Deutsche Bank responds to complaint by former trader acquitted of LIBOR rigging
Deutsche Bank has responded to claims by former trader Matthew Connolly who seeks over $150 million in compensation from his ex-employer for what he calls “the destruction of his life”.
Connolly blames Deutsche Bank for the fact that he was investigated, indicted, and convicted as part of a multi-year, industry-wide government inquiry into interest-rate manipulation that encompassed numerous financial institutions and resulted in the prosecution of more than twenty individuals.
In April 2022, Judge Colleen McMahon signed judgments of acquittal as to Mr Connolly and Gavin Campbell Black in a lawsuit accusing them of LIBOR rigging. This happened after the Second Circuit Court of Appeals had reversed the judgment of conviction in the matter, and remanded the case to the district court for entry of a judgment of acquittal.
Now, Connolly wants Deutsche Bank to pay for the damage caused. Deutsche Bank disagrees.

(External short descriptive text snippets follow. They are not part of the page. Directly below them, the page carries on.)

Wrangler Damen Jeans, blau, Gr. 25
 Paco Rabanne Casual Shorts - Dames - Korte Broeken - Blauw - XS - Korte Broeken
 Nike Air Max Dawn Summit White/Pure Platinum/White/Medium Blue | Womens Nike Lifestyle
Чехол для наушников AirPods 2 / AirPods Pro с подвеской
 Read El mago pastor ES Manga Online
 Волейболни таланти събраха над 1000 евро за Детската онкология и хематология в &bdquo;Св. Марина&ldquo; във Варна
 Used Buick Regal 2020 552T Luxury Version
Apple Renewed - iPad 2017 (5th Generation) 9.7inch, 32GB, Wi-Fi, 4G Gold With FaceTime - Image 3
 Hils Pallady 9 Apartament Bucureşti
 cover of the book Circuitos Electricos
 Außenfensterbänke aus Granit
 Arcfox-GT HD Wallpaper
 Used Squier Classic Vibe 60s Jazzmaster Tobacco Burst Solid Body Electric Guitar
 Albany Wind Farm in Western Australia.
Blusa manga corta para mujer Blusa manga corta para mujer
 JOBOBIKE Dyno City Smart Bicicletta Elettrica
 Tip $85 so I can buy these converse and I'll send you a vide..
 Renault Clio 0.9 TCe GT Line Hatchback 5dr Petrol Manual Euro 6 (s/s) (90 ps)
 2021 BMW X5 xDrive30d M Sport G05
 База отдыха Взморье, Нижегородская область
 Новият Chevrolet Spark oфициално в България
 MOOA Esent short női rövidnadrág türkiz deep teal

The defendant filed a motion to dismiss with the New York Southern District Court on January 13, 2023.
In the document, seen by FX News Group, Deutsche Bank argues that, to the extent anyone is to blame for Mr. Connolly’s situation, it is not Deutsche Bank.
Deutsche Bank says that the Plaintiff’s attempt to allege that he was “maliciously prosecuted” by his former employer—which requires that he allege that Deutsche Bank initiated the prosecution, a lack of probable cause for the prosecution, that Deutsche Bank was motivated by actual malice, and that the prosecution terminated in the Plaintiff’s favor—is deficient as a matter of law and should be dismissed with prejudice.
The defendant notes that the Complaint must adequately allege that Deutsche Bank “initiated” the prosecution against the plaintiff. To allege that a private entity “initiated” the prosecution, the Complaint must allege that Deutsche Bank overtook the prosecutor’s volition in bringing the prosecution. Deutsche Bank says that all that the Complaint alleges is that Deutsche Bank cooperated with investigators and received leniency for its cooperation. But as district courts have held time and again, that is not enough.
Further, Deutsche notes that, to bring a claim for malicious prosecution, the plaintiff must allege that Deutsche Bank lacked probable cause to bring the prosecution. But the facts alleged are to the contrary: The Plaintiff admits that he engaged in conduct that was considered by both the government and the district court at the time to be criminal. That an appellate decision later determined that the underlying conduct was actually lawful does not undermine the reasonableness of concluding the Plaintiff had committed a crime at the time of the purported malicious prosecution.
Also, Deutsche Bank says that ut is entitled to at least two legal presumptions that it had probable cause to believe the Plaintiff was committing a crime—the first by virtue of the Plaintiff’s indictment by the grand jury, and the second by the Plaintiff’s criminal conviction by the jury—neither of which the Complaint rebuts as it must to advance this case past the pleading stage.
Finally,Deutsche Bank argues that the Complaint does not allege that Deutsche Bank acted with the malice required for a malicious prosecution claim. The Complaint alleges that Deutsche Bank cooperated with the government’s investigation in the hopes that it would be treated more leniently. But a potential co-defendant’s mere cooperation with law enforcement and prosecutors is not the sort of intent to harm necessary to allege malice. If it were, every co-defendant considering cooperating with prosecutors in hopes of securing more lenient treatment would need to weigh the risk of civil liability to their co-defendant in deciding whether to come forward and tell the truth—something the courts have carefully sought to avoid for decades.
Deutsche Bank concludes that the Court should dismiss the Complaint with prejudice.